As Japan has floundered for two decades since its economic bubble burst a postindustrial, high-tech society that had resigned itself to a slow, inexorable decline after the boom years of the 1980s its young people have languished. The over-indulged and underemployed cohort has given rise to a dictionary’s worth of sociological neologisms: freeters, young Japanese who choose part-time, dead-end, low-paid work instead of striving for more fulfilling careers; hikikomori, anxious youth who have completely withdrawn from society, even locking themselves in their bedrooms for years at a time; herbivores, grazing, passive young men who care more about their looks than their careers; and parasite singles, young adults who, even if they have good jobs, live at home to avoid paying rent and rely on their parents for food and laundry so they can use their disposable income for frivolous purchases.

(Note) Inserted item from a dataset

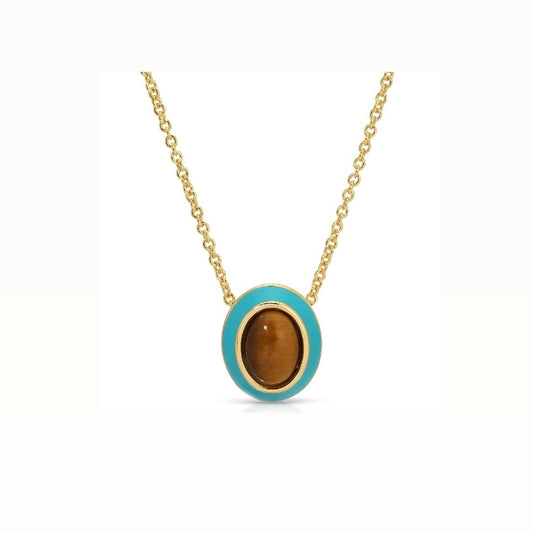 Turquoise Enamel and Tiger's Eye Pendant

But as their nation tries to cope with the costliest natural disaster the world has ever seen, one that has left tens of thousands dead or missing and some 360,000 homeless, the country’s coddled youth are rising to meet a new era’s challenges. In unprecedented numbers, young Japanese have volunteered to help earthquake victims, bringing time, money and in some cases social-networking expertise that can reunite missing family members and coordinate aid efforts.
At the Saitama Super Arena, where recent graduate Nagatsuka is sheltering, crowds of local teens who usually come for rock concerts are here today for another reason. By 9:30 a.m., the emergency center has reached its maximum of 500 volunteers, most of whom are young. An additional 1,500 waiting for a chance to help will have to come back tomorrow. Masayuki Ishii, 18, is one of the lucky ones who scored a volunteer spot. He wears a big grin and is holding a sign that says 60s. His friend is holding another that says WOMEN. Together they form a duo that is organizing evacuee women in the 60-to-69 age bracket to go for their daily baths. “Some people say that young Japanese don’t have a good spirit,” says Ishii, stamping his feet in the frigid weather. “But when it comes down to it, we want to help, not just with money but with real work.”